17 сентября 1952 года

Дорогие дядя Муня и тетя Анюта, а также дорогая тетушка, имя которой я забыл! Прежде всего, от всей души поздравляю вас с наступающим праздником – еврейским Новым годом, – и от всей души желаю вам здоровья и счастья, благополучия и радости за все то хорошее, что вы сделали мне в минуту жизни трудную и, несомненно, делаете моей многострадальной семье. Обо мне совершенно не беспокойтесь. Я нахожусь в хороших условиях, и хотя мое сердечко иногда пошаливает, врачи здесь хорошие и я чувствую себя неплохо. Даже здесь я не теряю ни одной минуты и усиленно повышаю свою квалификацию. Я поставил себе задачей (на основании моего тридцатилетнего опыта работы) написать книгу по обобщению опыта моей работы на крупнейших заводах – гигантах страны, и это даст мне право завоевать в 1953 году звание «лауреата Сталинской премии». В настоящее время я усиленно работаю над вопросами моего полного оправдания.

Можете не сомневаться в моей полной и скорой победе.

Ваш всегда бодрый племянник Соломон

12 октября 1952 года

На днях я получу разрешение у начальника колонии и отправлю тебе посылкой мое теплое пальто. Хочу, чтобы ты переделала из него два пальто для ребят, либо продай мое пальто и на эти деньги одень ребят. Они ведь школьники, им надо ходить прилично одетыми. А шинель меня вполне устраивает, она очень приличная для носки. Кроме того мне полагается получить здесь зимнее полупальто, так что за меня не беспокойся.

11 ноября 1952 года

Здравствуй, Олечка, миленькая, родная, дорогая!

Здравствуйте, мои дорогие и родные сыночки, Боренька и Мишенька! Добрый день и вам, мои дорогие Евгения Соломоновна, Фима, Сарра, Мариночка и Галочка!
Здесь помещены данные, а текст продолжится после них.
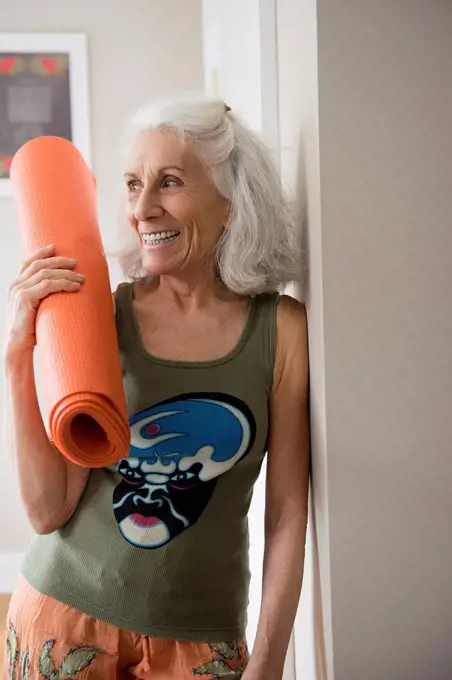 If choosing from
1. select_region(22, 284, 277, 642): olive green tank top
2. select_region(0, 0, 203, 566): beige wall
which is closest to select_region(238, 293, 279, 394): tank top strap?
select_region(22, 284, 277, 642): olive green tank top

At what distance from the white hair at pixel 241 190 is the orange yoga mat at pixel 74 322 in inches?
5.9

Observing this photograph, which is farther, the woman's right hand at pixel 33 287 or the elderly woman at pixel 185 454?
the elderly woman at pixel 185 454

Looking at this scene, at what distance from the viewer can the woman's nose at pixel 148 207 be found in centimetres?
125

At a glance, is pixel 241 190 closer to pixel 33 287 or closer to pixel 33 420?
pixel 33 287

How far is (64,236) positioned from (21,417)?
10.5 inches

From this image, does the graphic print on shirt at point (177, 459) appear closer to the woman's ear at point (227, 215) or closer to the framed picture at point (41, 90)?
the woman's ear at point (227, 215)

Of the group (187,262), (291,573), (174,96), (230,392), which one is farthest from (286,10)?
(291,573)

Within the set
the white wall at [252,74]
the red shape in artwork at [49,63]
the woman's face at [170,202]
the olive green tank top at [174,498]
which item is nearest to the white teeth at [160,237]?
the woman's face at [170,202]

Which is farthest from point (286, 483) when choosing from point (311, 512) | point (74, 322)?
point (74, 322)

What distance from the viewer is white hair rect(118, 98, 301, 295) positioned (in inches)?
50.3

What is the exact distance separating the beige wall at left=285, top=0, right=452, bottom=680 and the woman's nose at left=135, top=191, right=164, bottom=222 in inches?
9.1

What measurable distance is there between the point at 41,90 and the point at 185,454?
2.35 meters

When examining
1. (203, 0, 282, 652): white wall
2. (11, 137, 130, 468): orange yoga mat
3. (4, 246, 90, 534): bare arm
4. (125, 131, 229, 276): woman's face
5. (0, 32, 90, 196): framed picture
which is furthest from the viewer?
(0, 32, 90, 196): framed picture

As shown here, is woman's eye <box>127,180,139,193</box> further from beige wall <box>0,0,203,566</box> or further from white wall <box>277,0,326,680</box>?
beige wall <box>0,0,203,566</box> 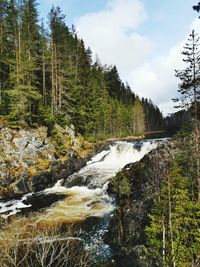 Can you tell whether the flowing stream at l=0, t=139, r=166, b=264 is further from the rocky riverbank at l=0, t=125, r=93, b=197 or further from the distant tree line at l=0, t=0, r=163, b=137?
the distant tree line at l=0, t=0, r=163, b=137

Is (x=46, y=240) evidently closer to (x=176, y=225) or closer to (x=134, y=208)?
(x=134, y=208)

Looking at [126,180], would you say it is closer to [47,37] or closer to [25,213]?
[25,213]

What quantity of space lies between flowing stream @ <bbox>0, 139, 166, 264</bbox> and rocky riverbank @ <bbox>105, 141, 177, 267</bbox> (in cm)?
111

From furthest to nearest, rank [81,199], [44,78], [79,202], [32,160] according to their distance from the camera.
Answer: [44,78], [32,160], [81,199], [79,202]

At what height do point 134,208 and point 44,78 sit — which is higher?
point 44,78

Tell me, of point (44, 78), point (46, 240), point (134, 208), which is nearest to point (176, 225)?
point (134, 208)

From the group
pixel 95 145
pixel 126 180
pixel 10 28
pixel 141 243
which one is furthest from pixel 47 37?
pixel 141 243

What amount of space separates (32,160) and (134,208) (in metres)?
16.4

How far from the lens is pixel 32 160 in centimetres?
3319

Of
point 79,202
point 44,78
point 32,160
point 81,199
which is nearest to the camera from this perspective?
point 79,202

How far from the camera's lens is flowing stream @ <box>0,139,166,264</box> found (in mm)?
22906

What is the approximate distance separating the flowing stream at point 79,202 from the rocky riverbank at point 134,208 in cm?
111

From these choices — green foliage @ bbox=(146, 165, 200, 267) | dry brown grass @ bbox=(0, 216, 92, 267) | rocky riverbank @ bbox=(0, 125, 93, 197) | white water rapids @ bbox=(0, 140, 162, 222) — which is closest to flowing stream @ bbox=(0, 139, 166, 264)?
white water rapids @ bbox=(0, 140, 162, 222)

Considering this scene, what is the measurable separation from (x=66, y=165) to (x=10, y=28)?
25.0 meters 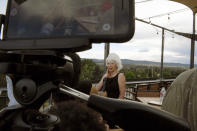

Прежде всего, мои дорогие, горячо поздравляю вас с днем рождения нашего дорогого Мишеньки и от всей души шлю вам всем мои искренние поздравления и пожелания здоровья и счастья всем вам. Надеюсь, что день 16 ноября (именины Микунчика) вы достойно отметите. Праздники я провел неплохо, но довольно скучно, так как за последнее время стал очень скучать по вам, мои дорогие, и в первую очередь, по Олечке, Бореньке и Мишеньке. Между прочим, сегодня уже 11 ноября, а никаких результатов по моим жалобам я пока не имею… Но ладно, вооружимся терпением и будем ждать.

Через семь дней Соломона Хоца не стало.